Tax breaks: One of the biggest U.S. budget busters

Here's what we know about Trump's economic plan
Here's what we know about Trump's economic plan

Republicans have argued for years that spending has fueled the nation's debt and should be curtailed.

Now that the GOP controls both the House and Senate, and Tea Party favorite Mick Mulvaney is President-elect Trump's choice to run the White House budget office, more domestic spending cuts may be on tap, right alongside the big tax cuts that Trump has promised.

But there's another area that costs Uncle Sam even more: tax breaks.

Tax breaks -- which include credits, deductions, exclusions and exemptions -- reduced revenue by at least $1.5 trillion in fiscal year 2016, according to the Congressional Budget Office.

Meanwhile, the amount spent on domestic and defense programs in the same period? Just under $1.2 trillion.

Those spending programs, which make up a third of the federal budget, are not the primary drivers of the debt, yet they are where the lion's share of spending cuts have occurred in recent years. In fact, spending on them is nearing its lowest level as a share of GDP in half a century.

They are also the areas Congress allocates money to every year.
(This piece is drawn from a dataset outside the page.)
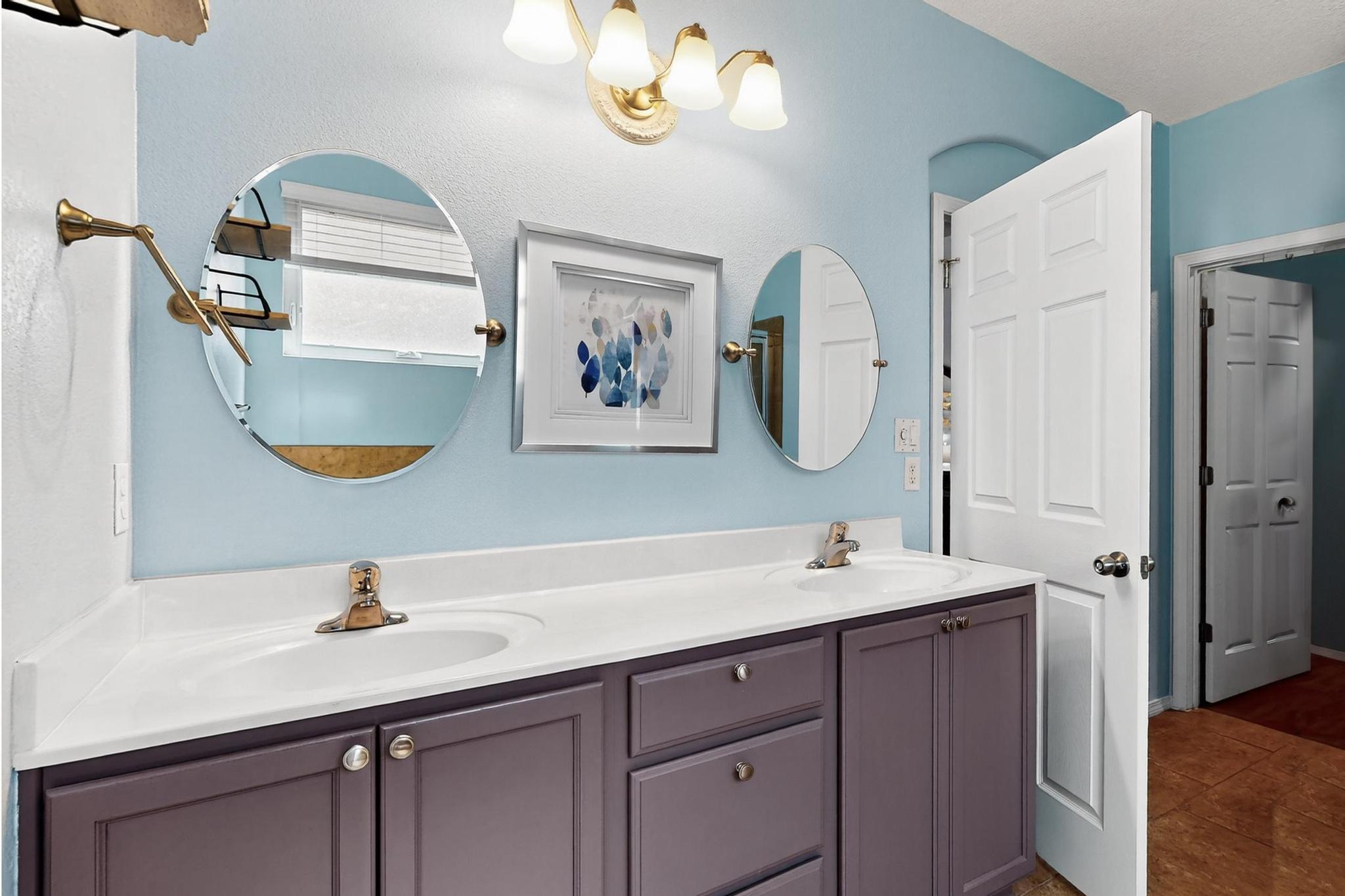 8215 MOCK HEATHER Road NW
The rest of federal spending goes toward entitlement programs and interest on the debt, which essentially are on autopilot and are the biggest drivers of debt long-term.

Lawmakers could choose to exert control over tax breaks every year too, but they don't.

"We rarely even take a look at, let alone review or budget, the tax breaks. We sweat bullets over outlays on the budget, to the point [where] we've shut the government down over how much to spend," Don Kettl, professor at the University of Maryland School of Public Policy, noted in a recent op-ed.

Related: Domestic spending is near 53-year lows. Yet Congress keeps cutting ...

Here are the 10 most expensive tax breaks and how much they reduced revenue in 2016:

1. Treating money your employer pays for your health insurance as tax-free to you ($144 billion)

2. Lower rates on capital gains and dividends compared to regular income ($135 billion)

3. Tax deferral on the foreign profits of U.S. companies ($109 billion)

4. Exclusion of contributions and earnings in 401(K)s and other defined contribution plans ($83 billion)

5. Mortgage interest deduction ($77 billion)

6. Earned income tax credit ($73 billion)

7. State and local tax deduction ($65 billion)

8. Obamacare insurance subsidies ($54 billion)

9. Exclusion of contributions and earnings in defined benefit pension plans ($57 billion)

10. Child tax credit ($56 billion)

Why have tax breaks at all?

Historically, lawmakers use the tax code to spur certain activities -- e.g. buying a house or innovating through research and development. They also use it to encourage social goals -- for example, rewarding low-income parents who work.

Then, of course, there are the special tax breaks that offer little bang for the buck but get written into the code for specific industries thanks in large part to their persistent lobbying.

Some fiscal policy experts like Kettl and former CBO director Donald Marron argue that tax expenditures should be included in any calculation of how much the government "spends." Doing so would give a truer sense of the size of government as well as a clearer indication of the money going out the door directly or indirectly.

The federal budget -- a measure of direct spending -- came to nearly $3.9 trillion in 2016. If tax expenditures were included, the number would jump to roughly $5.4 trillion.

"Tax breaks are spending by another means," Kettl said. "Every dollar by which you reduce revenue is a dollar that increases the deficit."